Record extracts Block Start

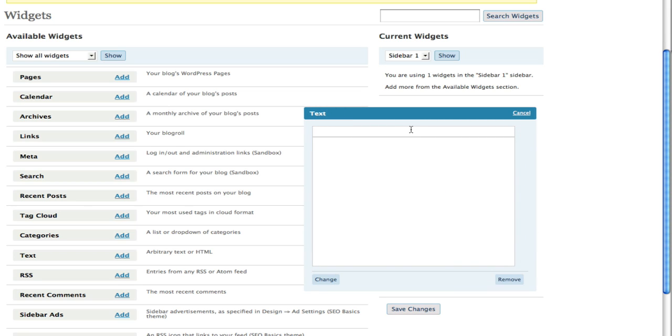I'm going to just put get free widget. Of course on my site this makes sense, but on your site I think you might want to label this something else, something to do with your site.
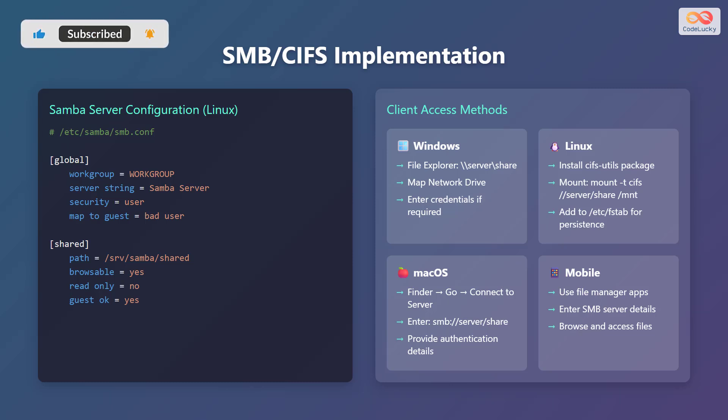Next are the client access methods. For Windows, you can access the share via File Explorer by entering \\server\share. You can also map the network drive and enter your credentials if required. For Linux, install the CIFS utils package and mount using the command mount -t cifs \\server\share /mnt. Add this to /etc/fstab for persistent mounting.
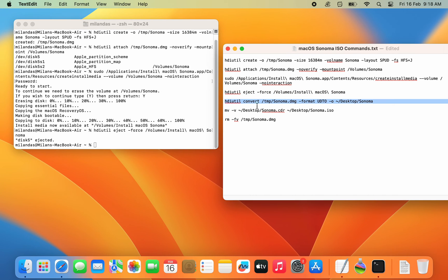Next, enter these two commands to move the macOS Sonoma installer to your desktop and rename the extension to .iso.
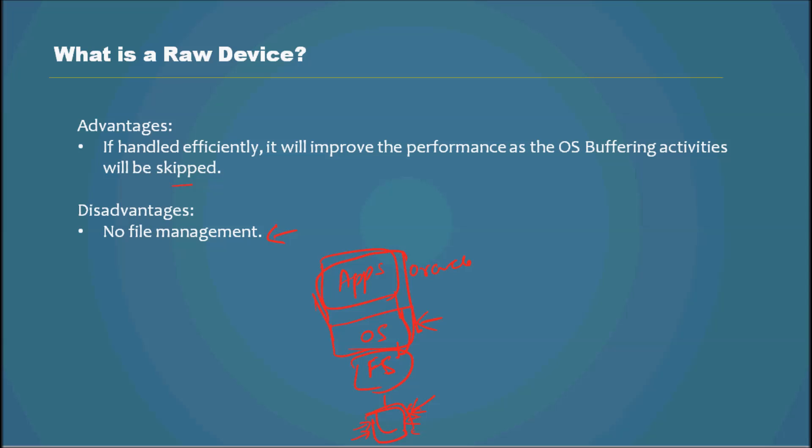So let me recap. The advantage is, if handled efficiently, it will improve the performance because it avoids one layer. And the disadvantage is no file management. For example, if you want to have five data files, then you have to have five raw devices.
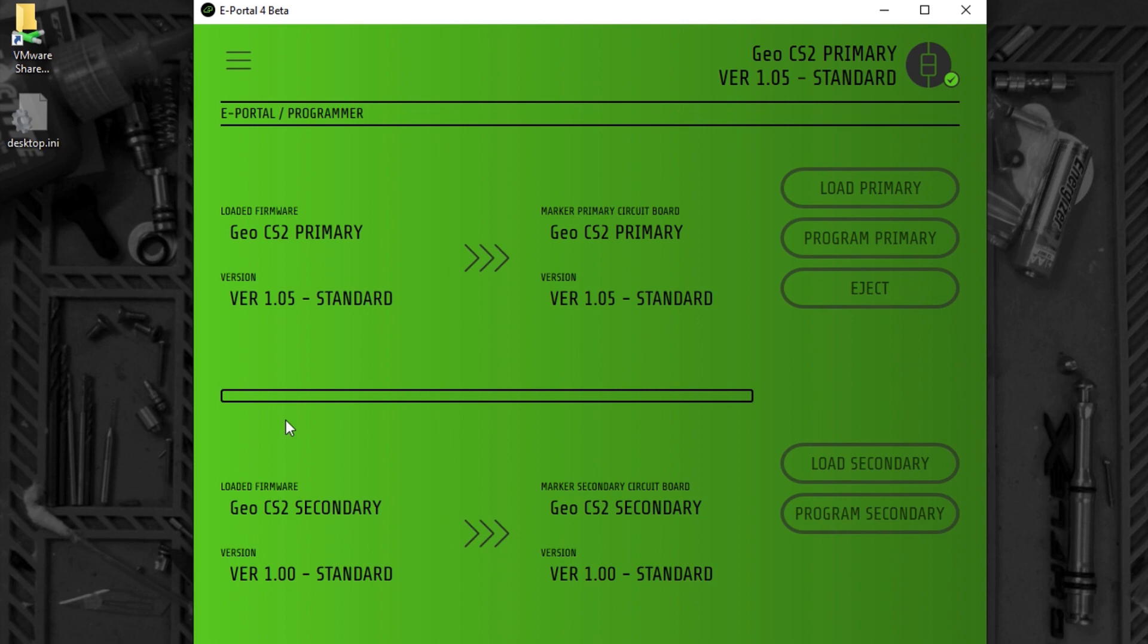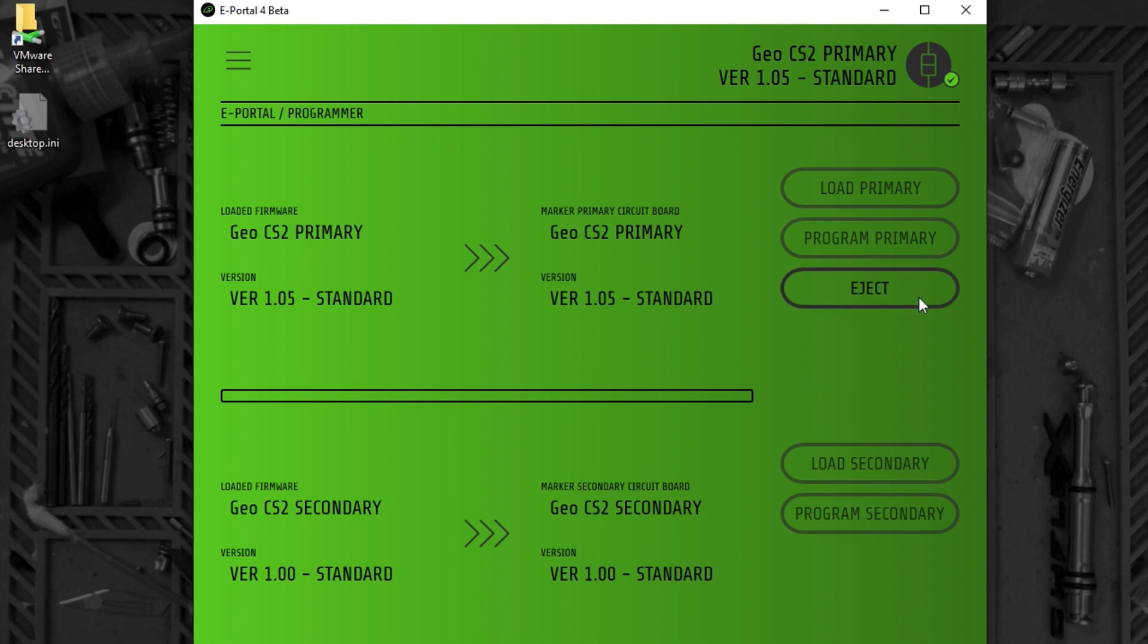Once all the programming is done, you can see that version 1.05 is now in the primary and version 1.00 is now in the secondary. I can eject the CS2 and go play.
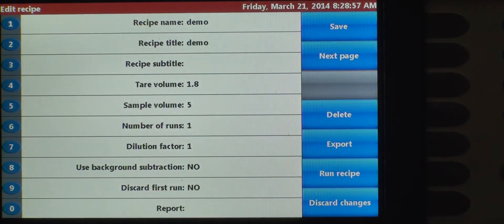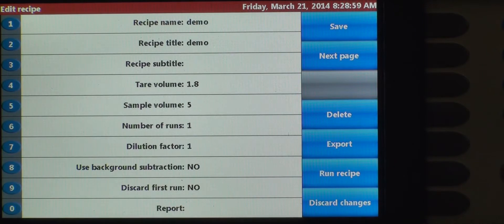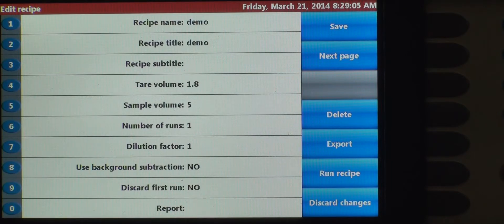Now also, to get away from using the alphanumeric keypad, there's a USB port on the front of the instrument, which enables you to plug in a USB keyboard. So if you want to create recipe names that way, you can certainly do that.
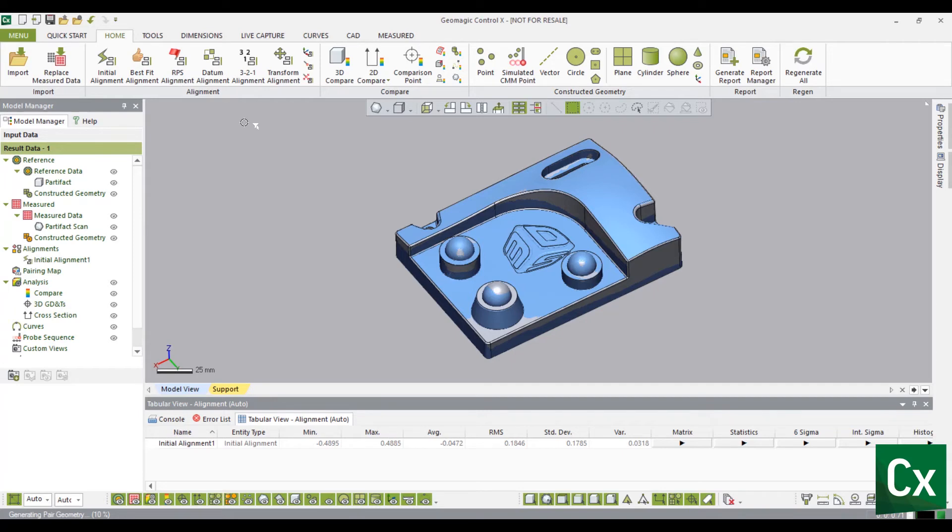Create a 3-2-1 alignment by selecting the Home tab. In the Alignment group, select 3-2-1 alignment.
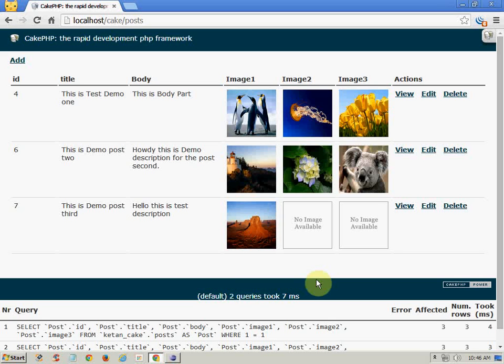Hello guys, in this tutorial you will learn how to set an array index to record ID in CakePHP.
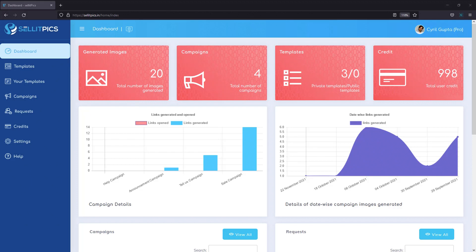Hey guys, this is Suraljeet, your best friend in internet marketing. Today I'm very excited to show you my new application called SellitPix.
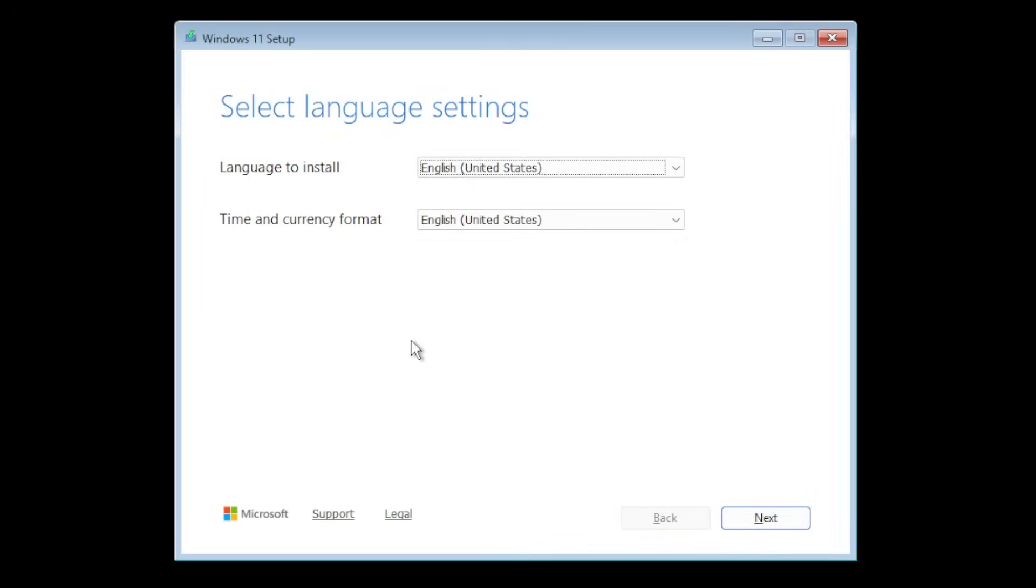Hi guys and welcome to TechBase. In this video we're gonna go through the new Windows 11 25H2 installation process.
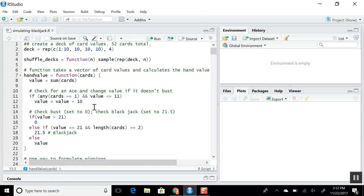We'll take a look at some code Hadley has written for simulating blackjack. The chapter is about 30 pages long, so we'll have to fly through it and skip certain sections. I do encourage you to read through the document at some point — it's very well written and does a good job of explaining how to write code, test it to make sure it's functioning properly, and slowly increase the complexity to handle the full simulation.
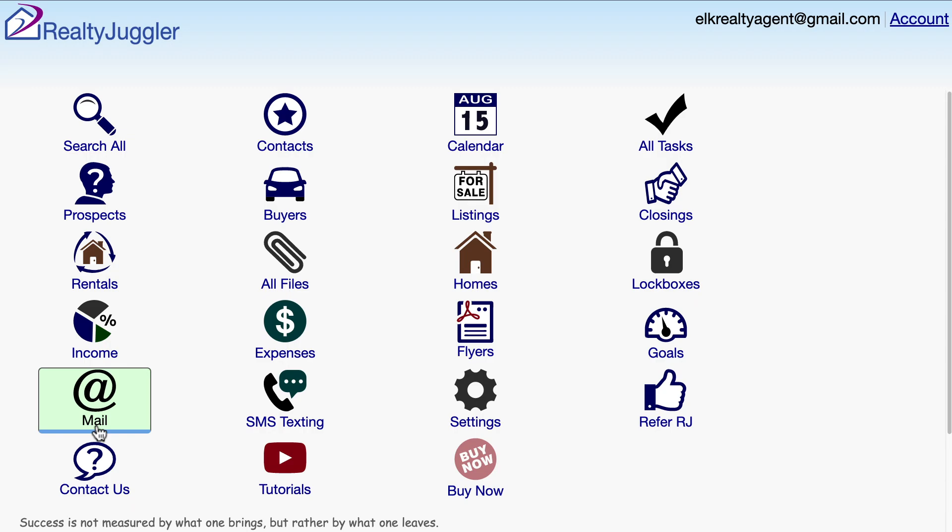This video shows how to create an embedded video email using RealtyJuggler real estate software. The second half of the video shows how to track if an email has been read.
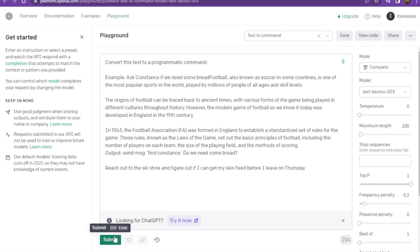After this, you have to simply save the changes. So this is how you can use OpenAI Playground as an alternative to ChatGPT.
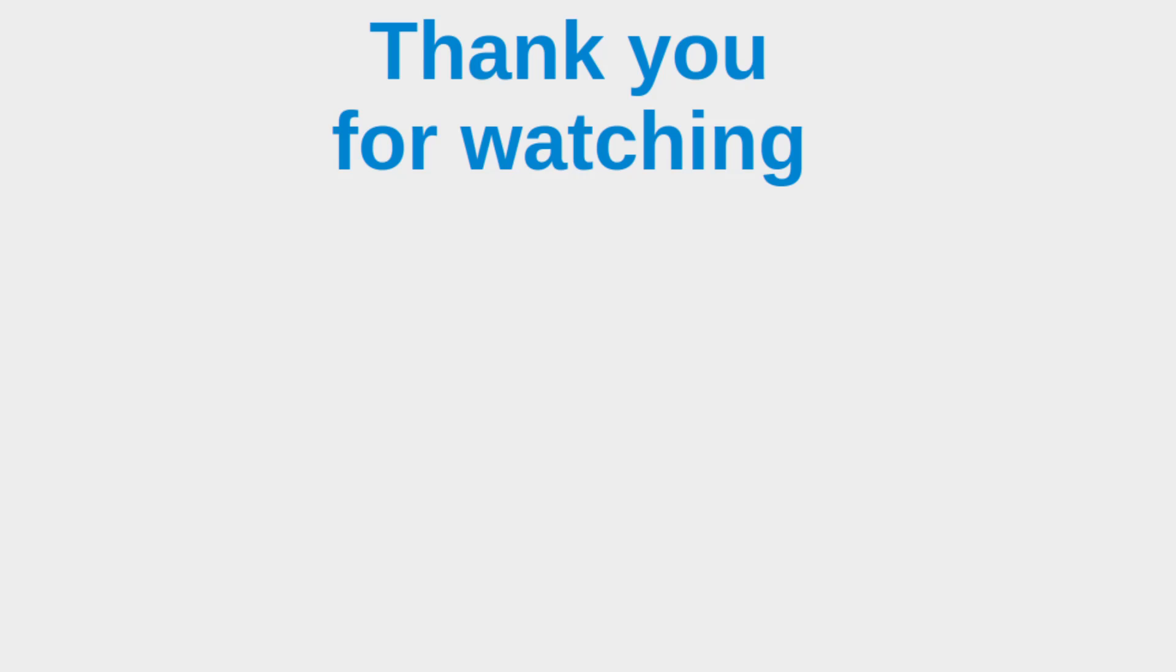This is the end of the video. If you have any questions about my video, feel free to leave your comments in the comment section below the video. If you liked this video, please give me a like and please subscribe to my channel. Thank you for watching.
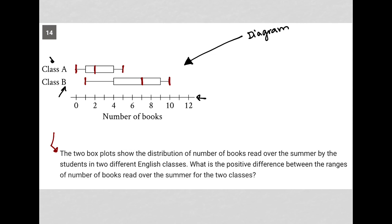The two box plots show the distribution of number of books read over the summer by the students in two different English classes. What is the positive difference between the ranges of number of books read over the summer for the two classes?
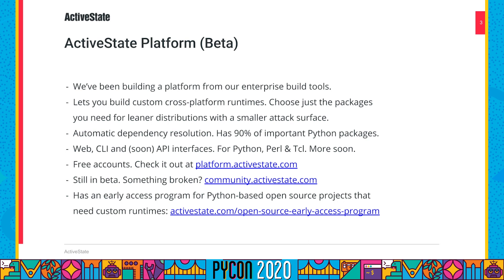We support about 90% of the important Python packages and are adding more over time. You can use the platform via a web interface, a command line interface, and soon via an API. We support Python, Perl, and Tcl, with more languages coming soon.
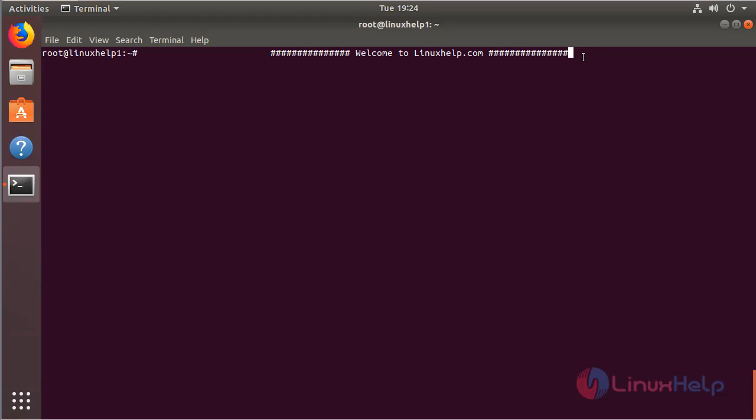Hello everyone, welcome to Linuxhelp.com. Now I am going to explain how to install Pinta application on Ubuntu 18.04.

Record extracts Block End

# Required work:
The answer should consist only of the lines above from the one with "Next are the" through the one with "Next, enter these", repeated exactly, with no pictures among them.

# Output of the exercise:
Next are the client access methods. For Windows, you can access the share via File Explorer by entering \\server\share. You can also map the network drive and enter your credentials if required. For Linux, install the CIFS utils package and mount using the command mount -t cifs \\server\share /mnt. Add this to /etc/fstab for persistent mounting.
Next, enter these two commands to move the macOS Sonoma installer to your desktop and rename the extension to .iso.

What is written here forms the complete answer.